About this exercise — Reproduction of part of the material below, pictures omitted: copy exactly, and only, the lines starting with the one with "2006 Dodge Ram" and going on through the one with "COROLLA 2.0 Vvt-ie XEI Direct Shift".

──────── Material for this exercise

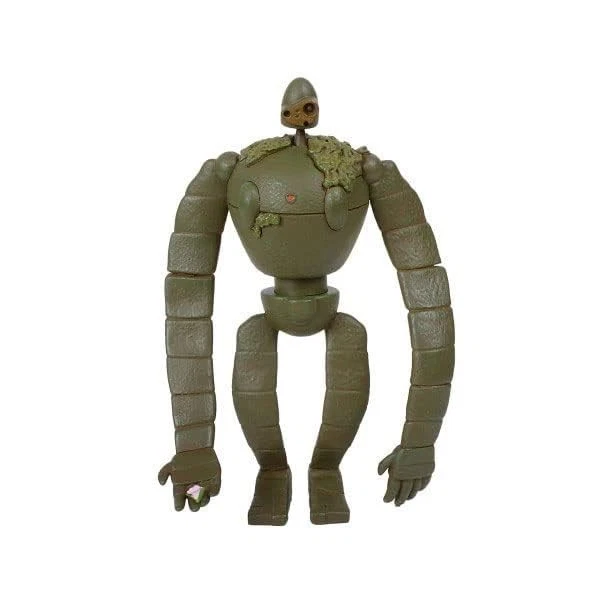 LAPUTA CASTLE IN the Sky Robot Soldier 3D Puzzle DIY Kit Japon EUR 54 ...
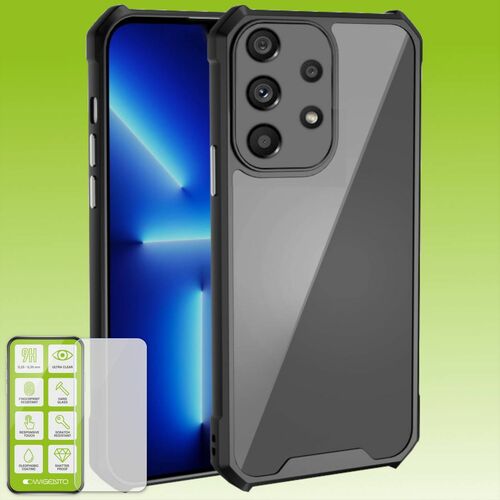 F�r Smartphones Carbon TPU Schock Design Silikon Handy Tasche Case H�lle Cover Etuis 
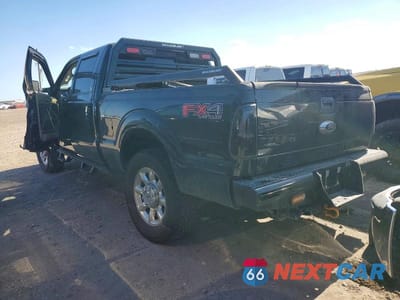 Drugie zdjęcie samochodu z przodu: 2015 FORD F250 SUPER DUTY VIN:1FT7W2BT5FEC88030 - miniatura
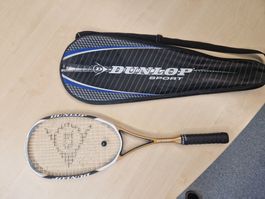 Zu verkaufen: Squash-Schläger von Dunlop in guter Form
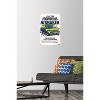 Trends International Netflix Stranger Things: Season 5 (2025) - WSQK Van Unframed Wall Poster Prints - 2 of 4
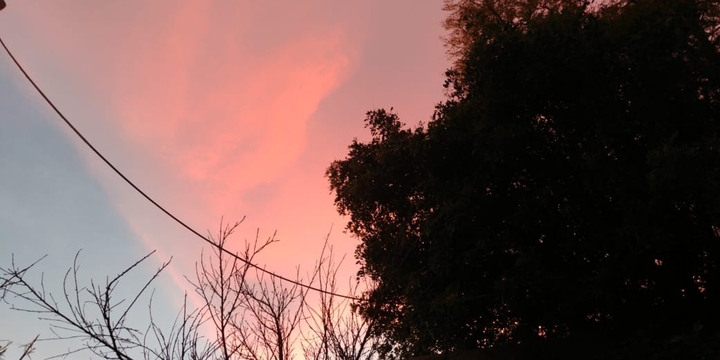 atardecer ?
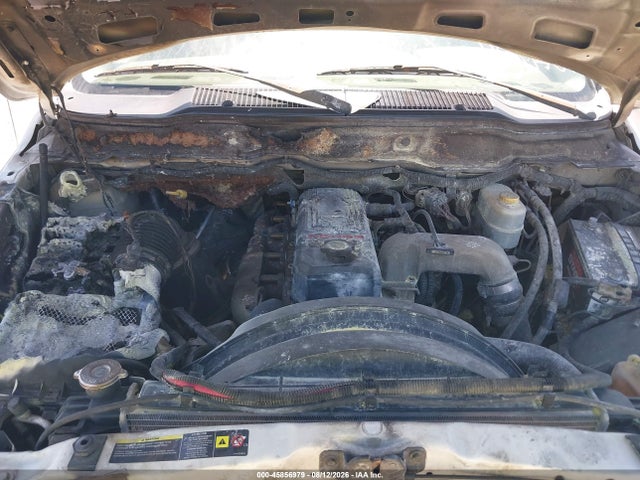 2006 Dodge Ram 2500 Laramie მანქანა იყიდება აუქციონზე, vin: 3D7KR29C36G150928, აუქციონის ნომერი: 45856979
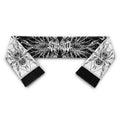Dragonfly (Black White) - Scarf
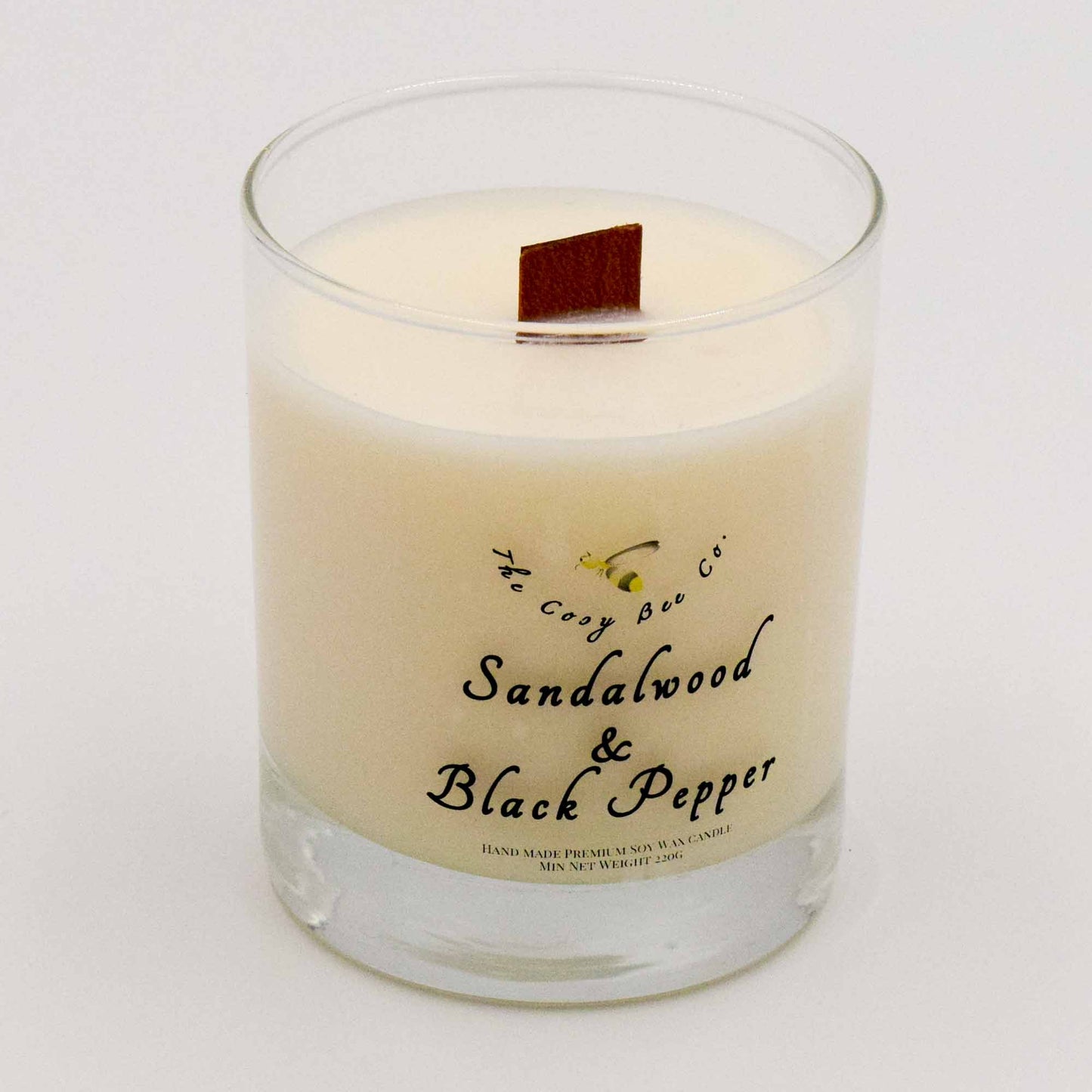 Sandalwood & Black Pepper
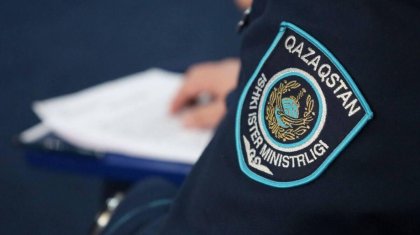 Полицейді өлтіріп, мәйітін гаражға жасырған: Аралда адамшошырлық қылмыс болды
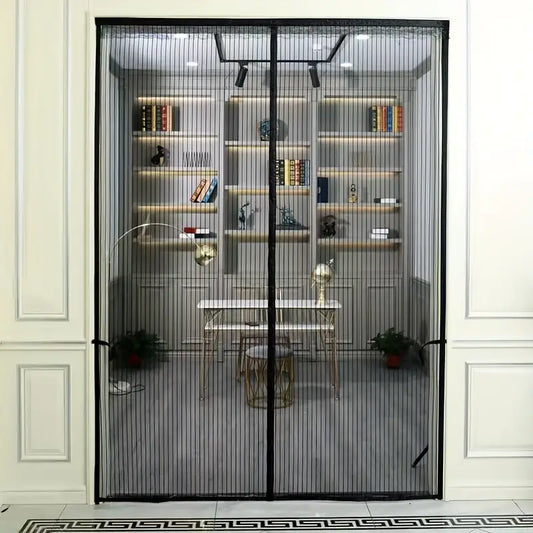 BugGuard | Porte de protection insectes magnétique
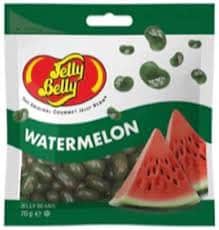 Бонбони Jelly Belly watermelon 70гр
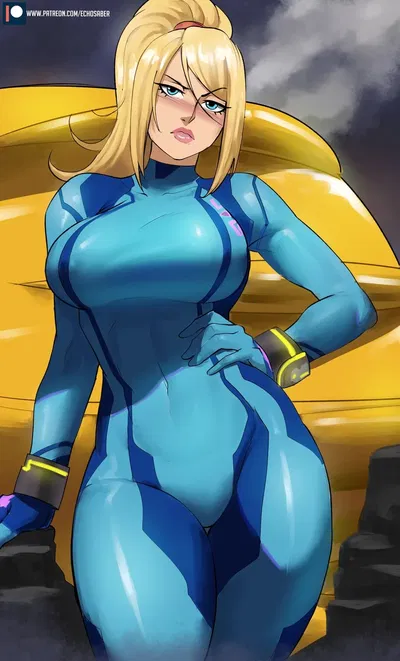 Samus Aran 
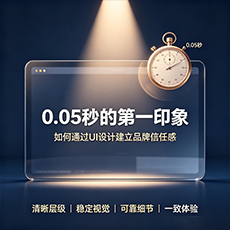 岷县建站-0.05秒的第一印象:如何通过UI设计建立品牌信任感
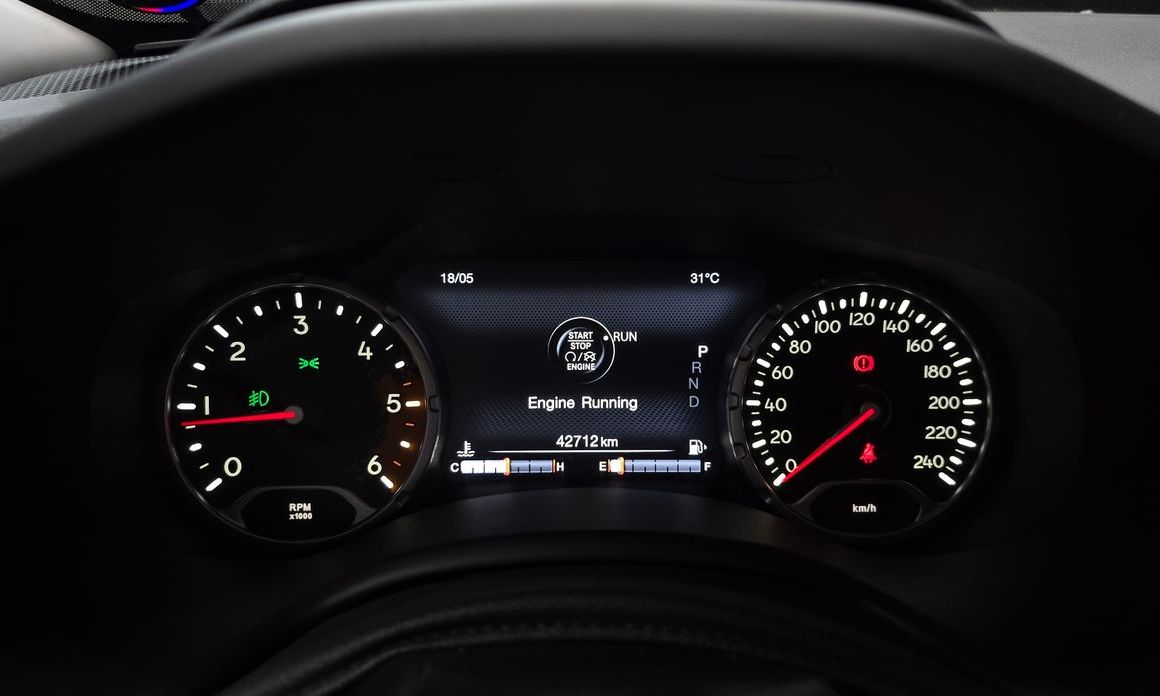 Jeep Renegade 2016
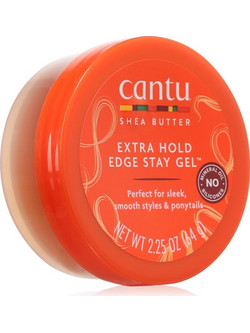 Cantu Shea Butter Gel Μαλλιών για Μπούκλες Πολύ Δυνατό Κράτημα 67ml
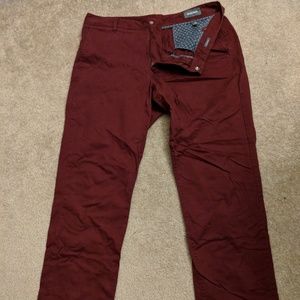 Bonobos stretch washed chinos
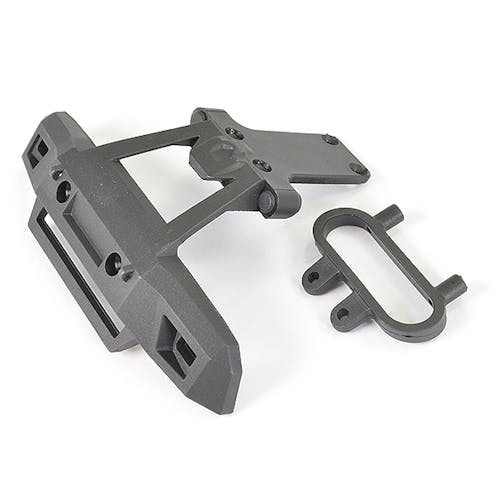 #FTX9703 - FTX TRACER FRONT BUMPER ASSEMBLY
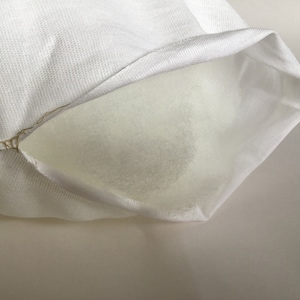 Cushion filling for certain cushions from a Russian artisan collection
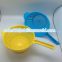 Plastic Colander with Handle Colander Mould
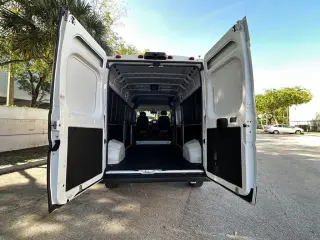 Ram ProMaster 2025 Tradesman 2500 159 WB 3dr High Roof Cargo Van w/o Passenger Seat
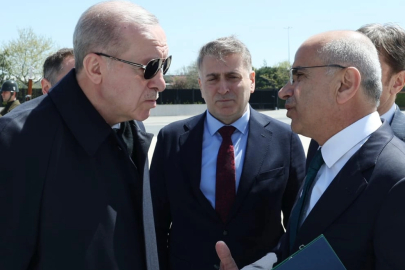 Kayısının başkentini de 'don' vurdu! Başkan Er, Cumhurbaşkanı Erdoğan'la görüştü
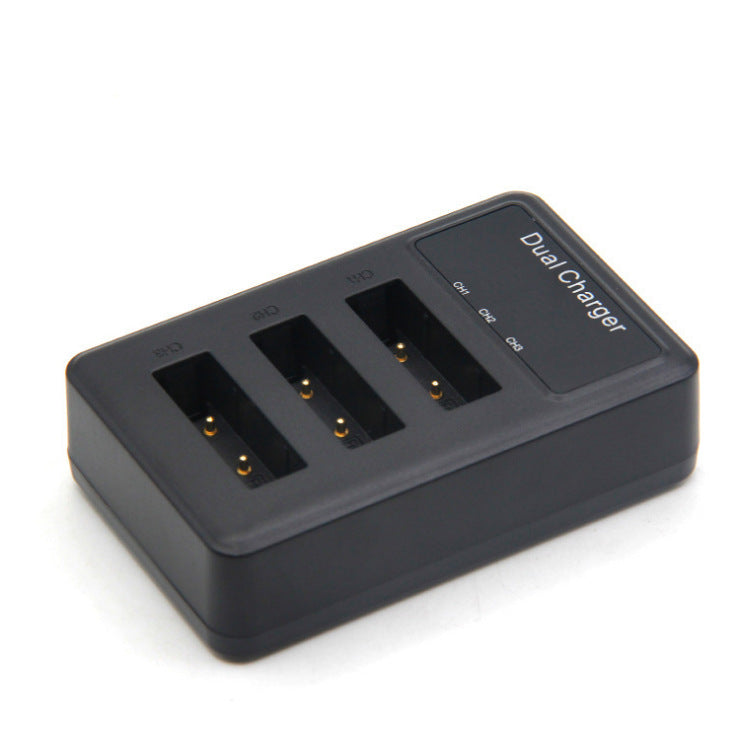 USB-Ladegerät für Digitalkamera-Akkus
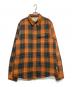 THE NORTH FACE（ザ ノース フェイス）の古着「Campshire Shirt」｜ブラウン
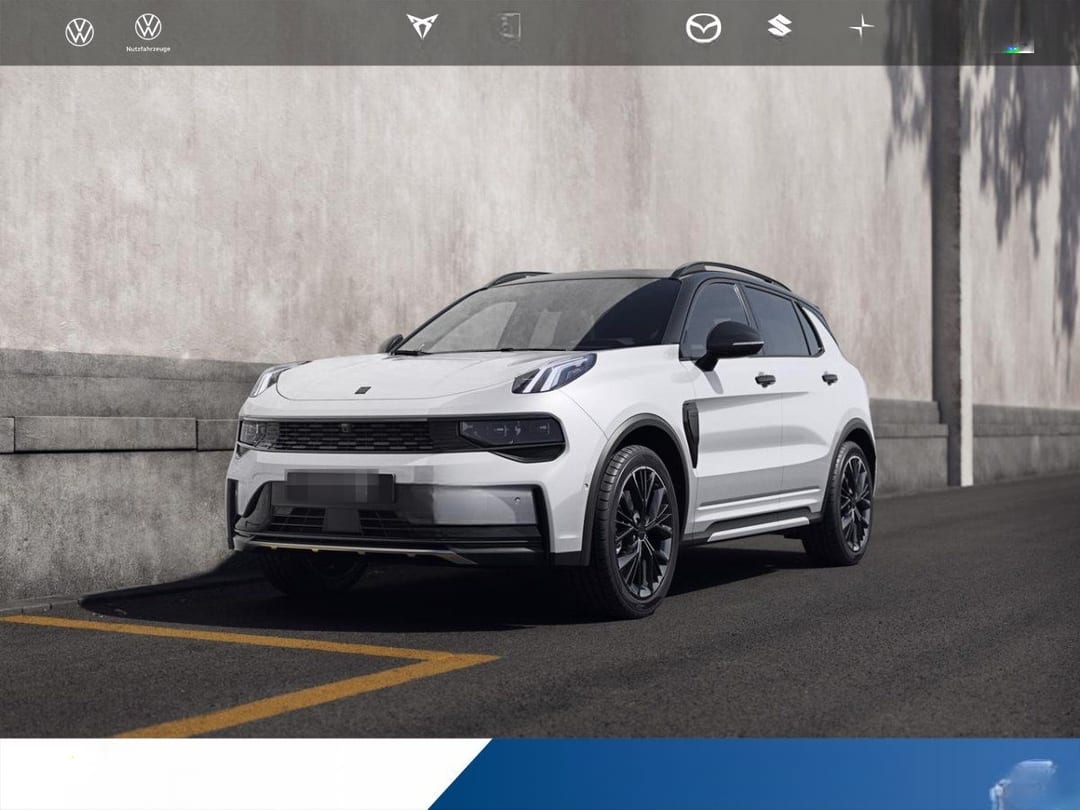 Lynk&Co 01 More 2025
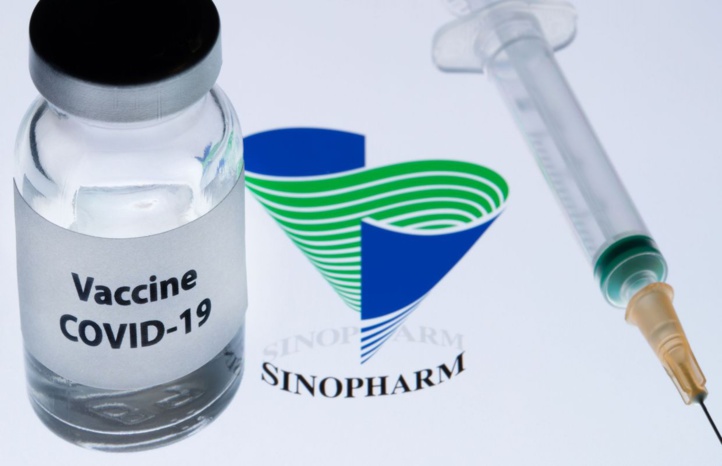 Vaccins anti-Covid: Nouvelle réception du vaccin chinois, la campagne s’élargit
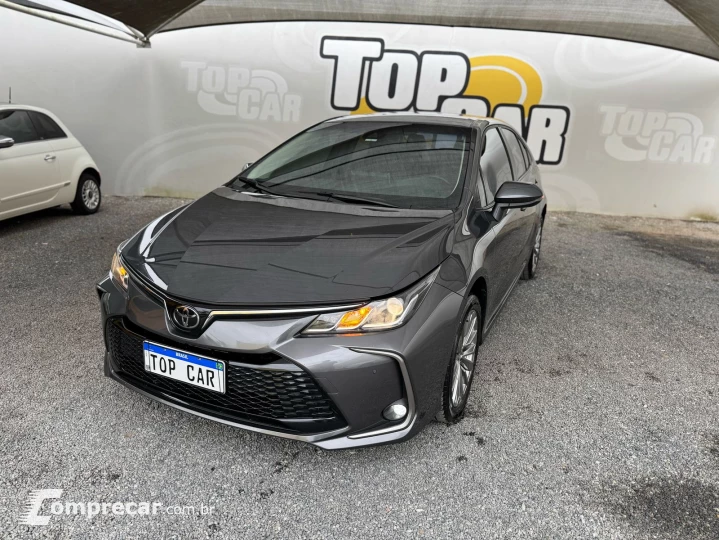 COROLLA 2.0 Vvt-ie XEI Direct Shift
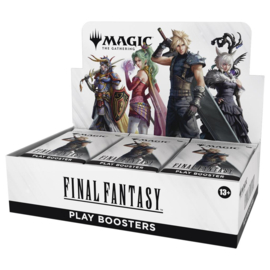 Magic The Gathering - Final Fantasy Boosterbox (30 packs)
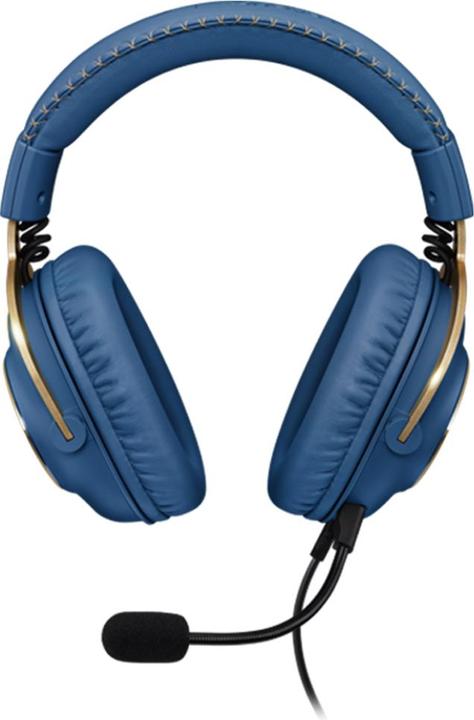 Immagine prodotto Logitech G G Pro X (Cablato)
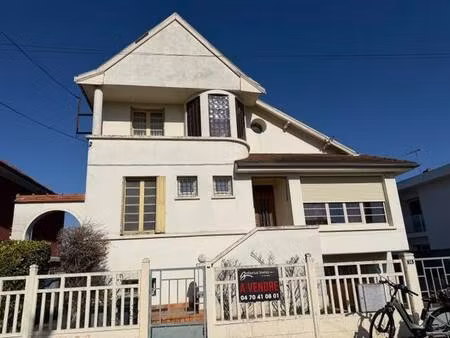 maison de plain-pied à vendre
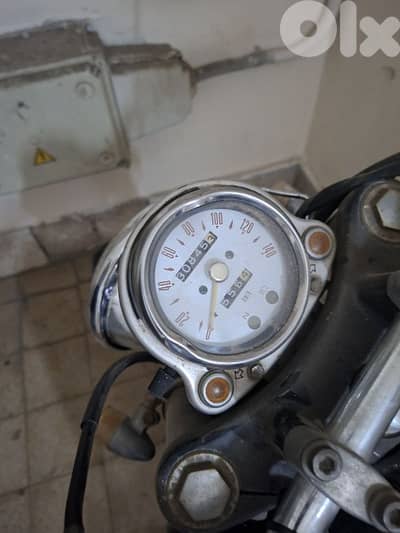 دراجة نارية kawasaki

────────────────

Result of this task —
 2006 Dodge Ram 2500 Laramie მანქანა იყიდება აუქციონზე, vin: 3D7KR29C36G150928, აუქციონის ნომერი: 45856979
Dragonfly (Black White) - Scarf
 Sandalwood & Black Pepper
 Полицейді өлтіріп, мәйітін гаражға жасырған: Аралда адамшошырлық қылмыс болды
 BugGuard | Porte de protection insectes magnétique
 Бонбони Jelly Belly watermelon 70гр
 Samus Aran 
 岷县建站-0.05秒的第一印象:如何通过UI设计建立品牌信任感
 Jeep Renegade 2016
 Cantu Shea Butter Gel Μαλλιών για Μπούκλες Πολύ Δυνατό Κράτημα 67ml
 Bonobos stretch washed chinos
 #FTX9703 - FTX TRACER FRONT BUMPER ASSEMBLY
 Cushion filling for certain cushions from a Russian artisan collection
 Plastic Colander with Handle Colander Mould
 Ram ProMaster 2025 Tradesman 2500 159 WB 3dr High Roof Cargo Van w/o Passenger Seat
 Kayısının başkentini de 'don' vurdu! Başkan Er, Cumhurbaşkanı Erdoğan'la görüştü
 USB-Ladegerät für Digitalkamera-Akkus
 THE NORTH FACE（ザ ノース フェイス）の古着「Campshire Shirt」｜ブラウン
 Lynk&Co 01 More 2025
 Vaccins anti-Covid: Nouvelle réception du vaccin chinois, la campagne s’élargit
 COROLLA 2.0 Vvt-ie XEI Direct Shift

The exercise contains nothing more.